The required result is an exact copy of every line from the one with "Land Pride SPS30" through the last line below, with the pictures left out.
(EXERCISE MATERIAL begins)
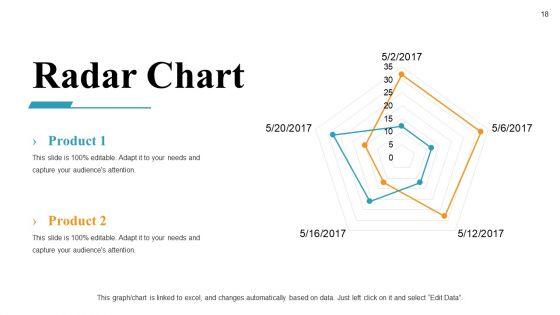 Recruitment_Process_Monitoring_Ppt_PowerPoint_Presentation_Complete_Deck_With_Slides_Slide_18.jpg
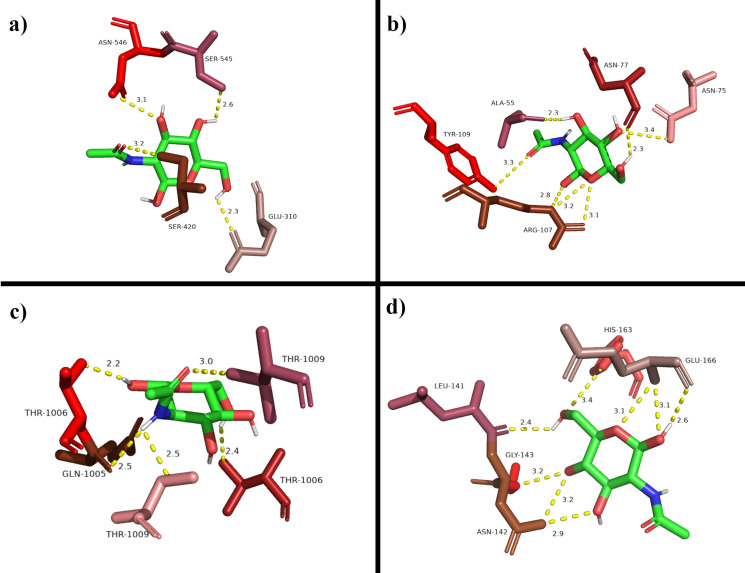 Fig 4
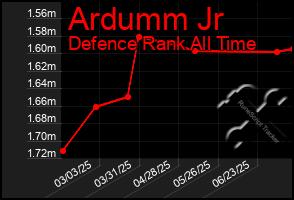 Total Graph of Ardumm Jr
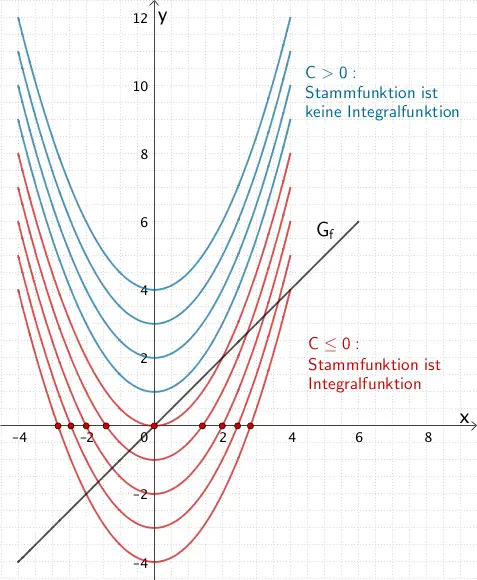 Graph der Funktion f und Graph der Integralfunktion I sowie Graphen von Stammfunktionen von f Graph der Funktion f und Graph der Integralfunktion I sowie Graphen von Stammfunktionen von f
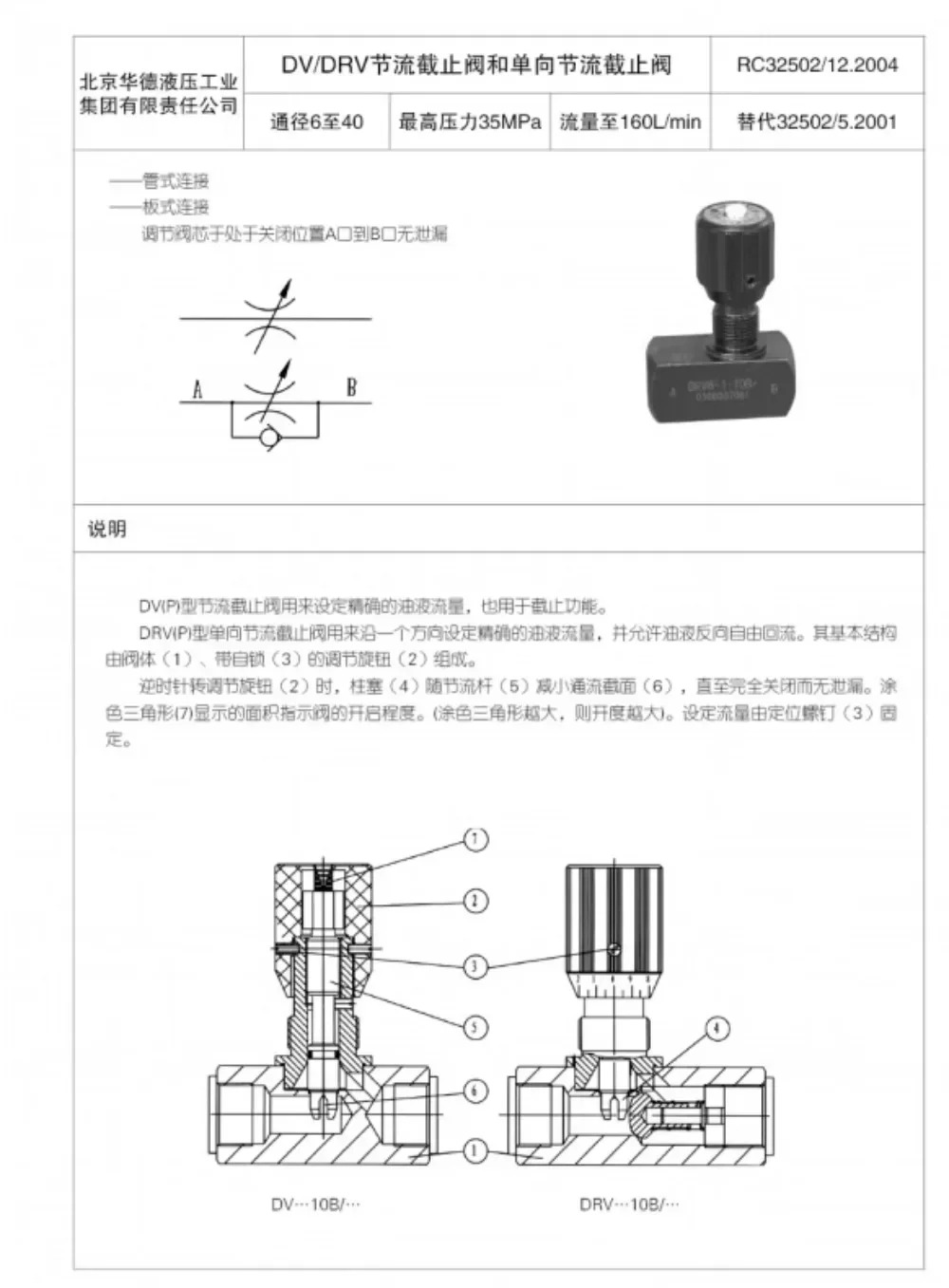 단방향 차단 스로틀 DV/DRV 6 8 DRV 10-1-10b/2 12 16 20 25 304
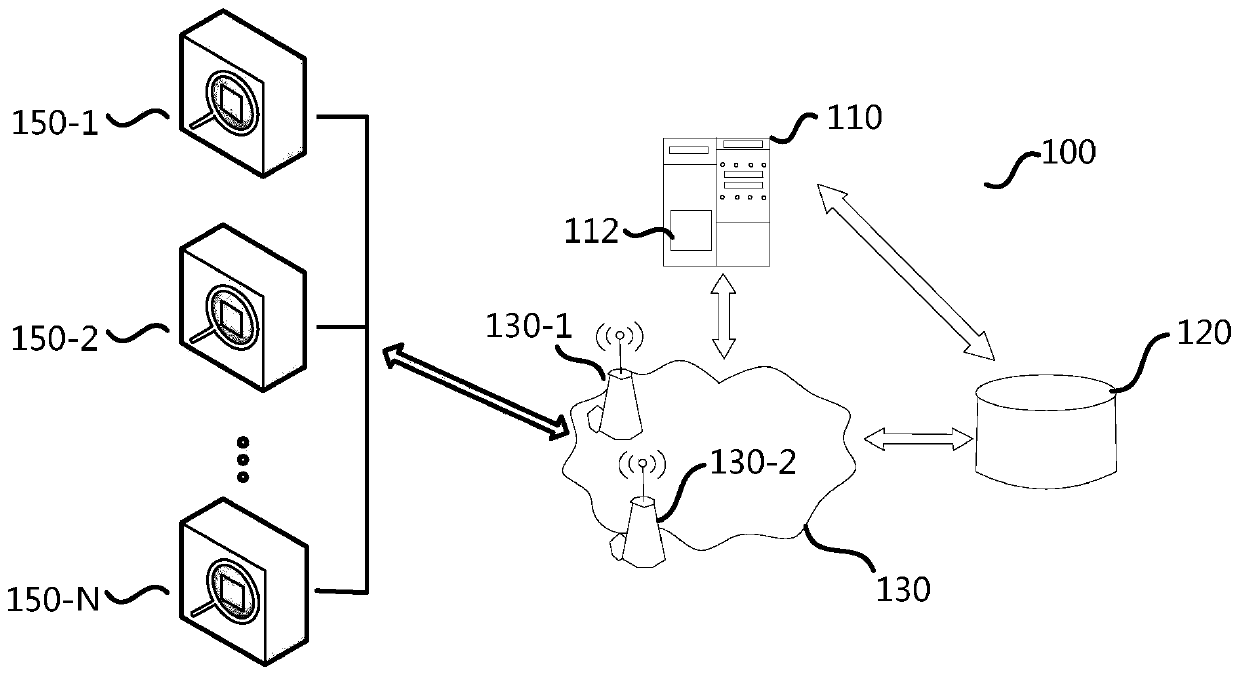 Taxi scheduling method, server and scheduling equipment applied to stations and airports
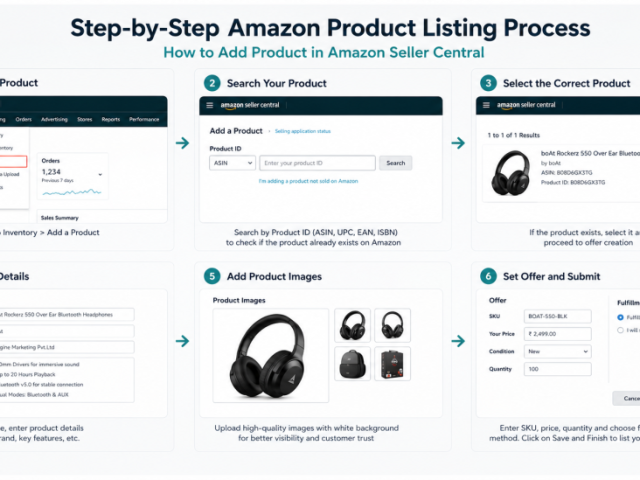how-to-add-product-to-amazon-and-build-a-successful-online-store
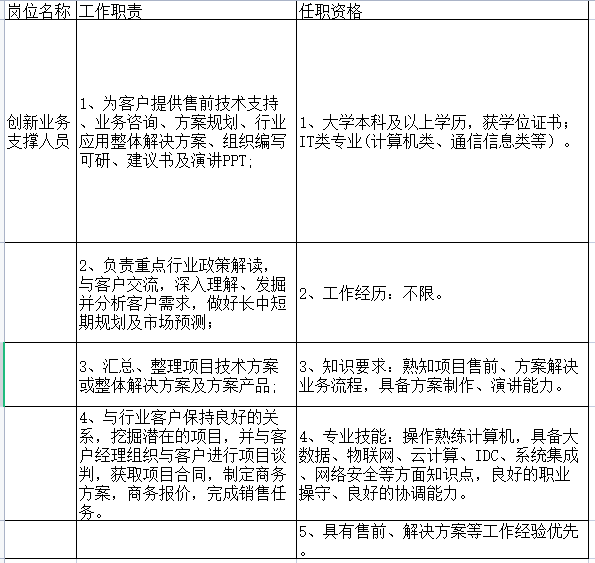 招聘岗位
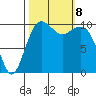 Coupeville tide chart for Tuesday, October 8, 2024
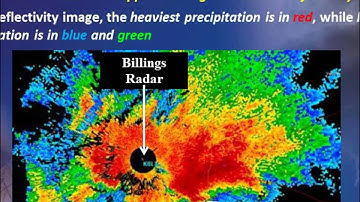 Basics of Doppler Weather Radar - Reflectivity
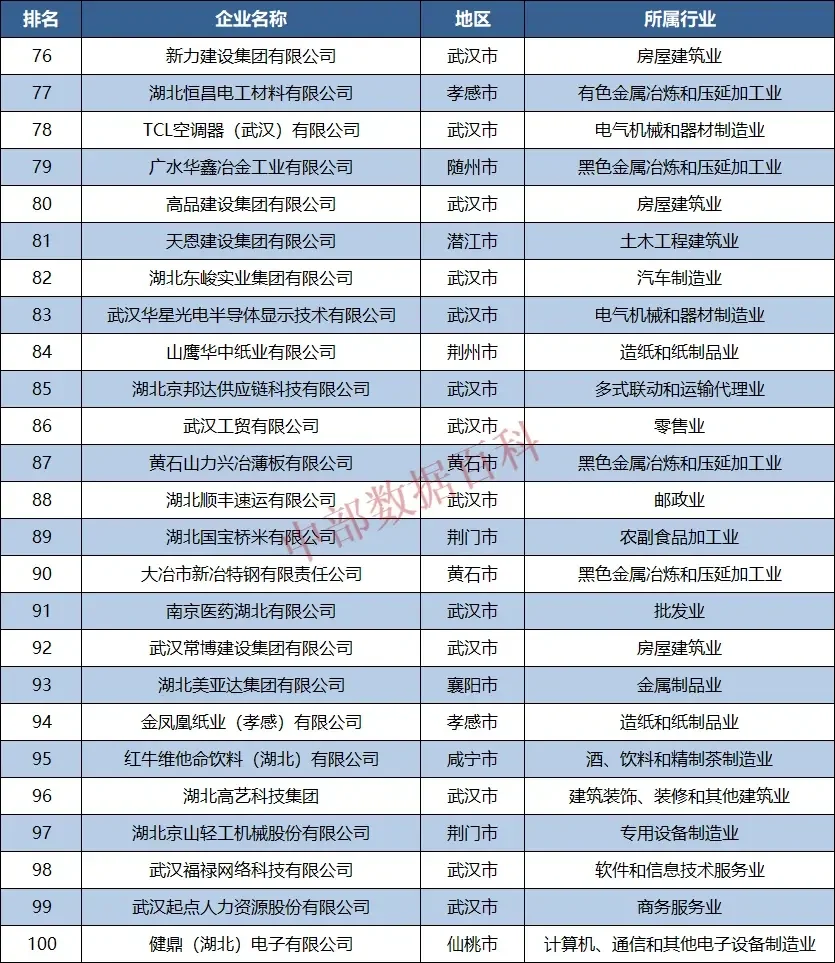 2022年湖北省民营企业100强榜单公布!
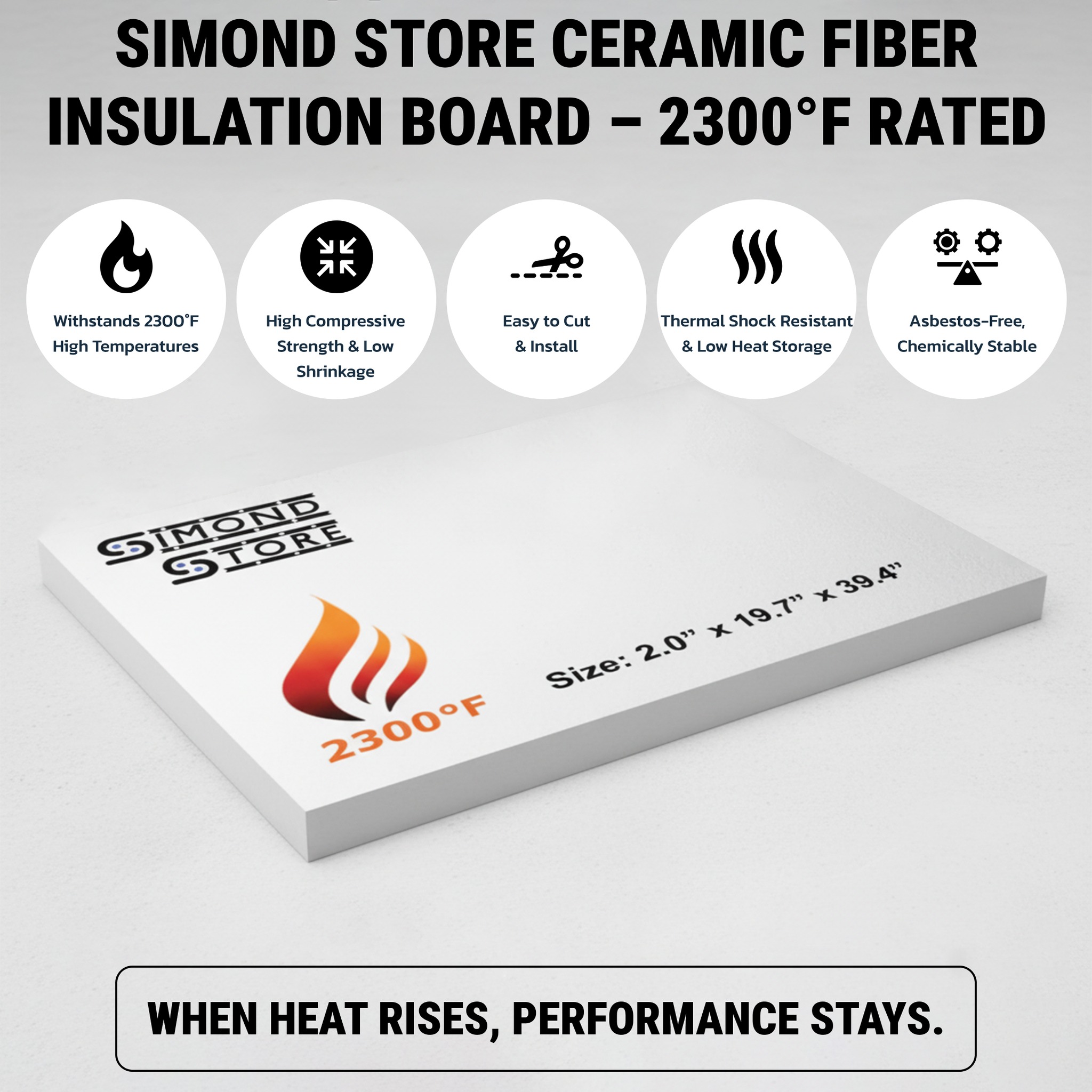 Simond Store | Charlotte NC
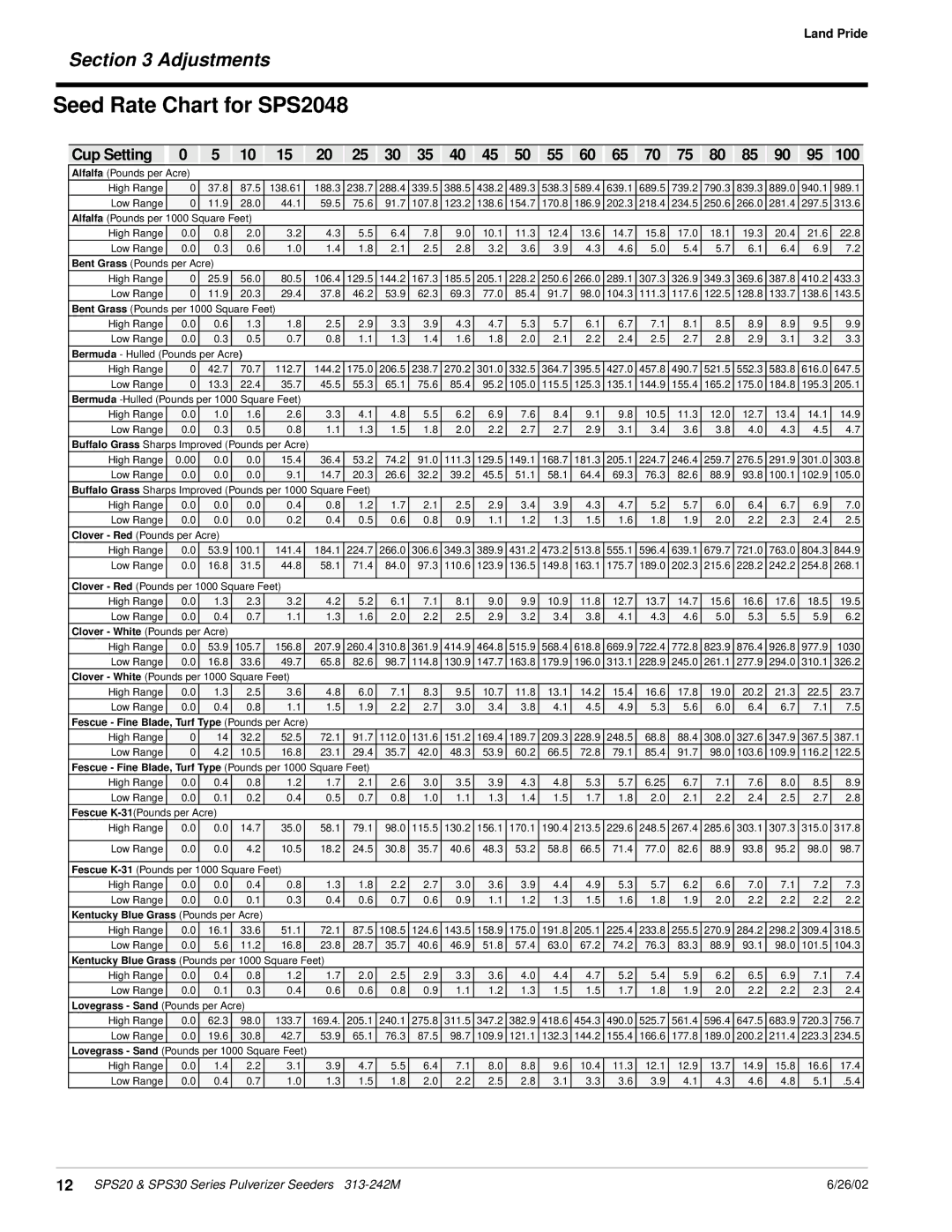 Land Pride SPS30 manual Seed Rate Chart for SPS2048, Cup Setting 100 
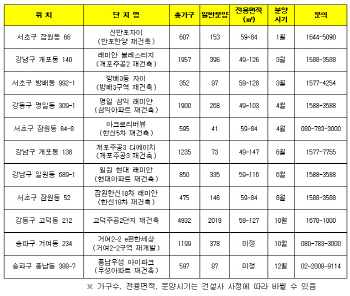 새해 서울 강남권서 4000가구 분양..전년比 37%↑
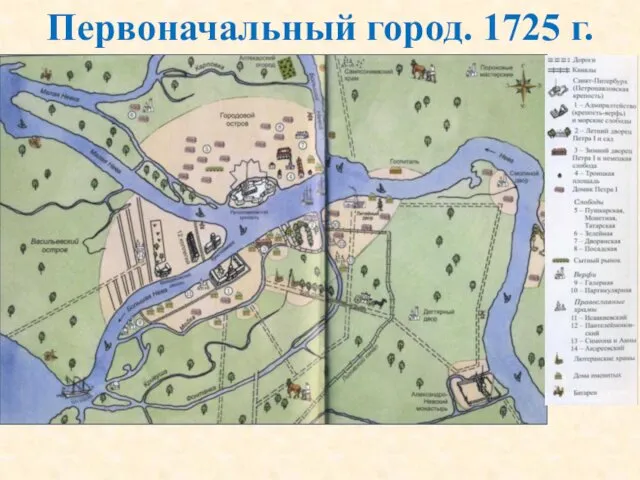 Первоначальный город. 1725 г.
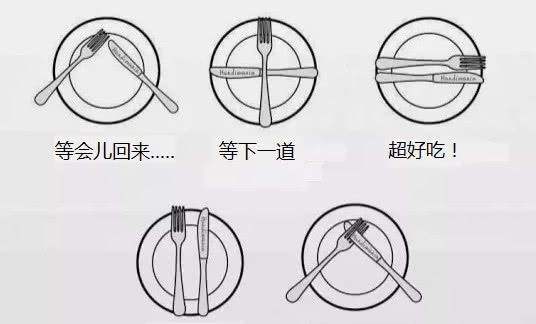 一个人去西餐厅吃牛排,刀叉应该怎么摆才不会被收走?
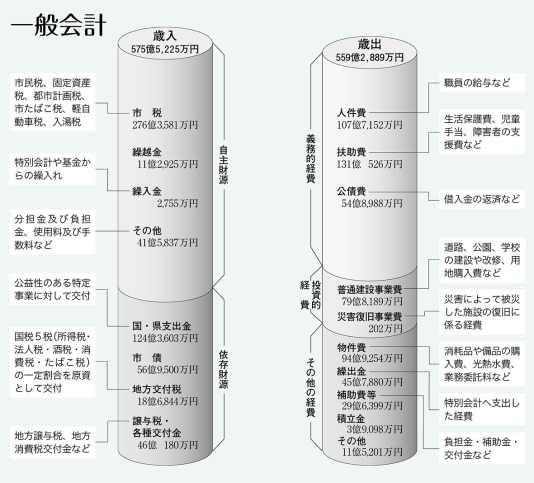 平成27年度決算棒グラフ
(EXERCISE MATERIAL ends)
> **WRITTEN ANSWER**
 Land Pride SPS30 manual Seed Rate Chart for SPS2048, Cup Setting 100 
 새해 서울 강남권서 4000가구 분양..전년比 37%↑
 Первоначальный город. 1725 г.
 一个人去西餐厅吃牛排,刀叉应该怎么摆才不会被收走?
 平成27年度決算棒グラフ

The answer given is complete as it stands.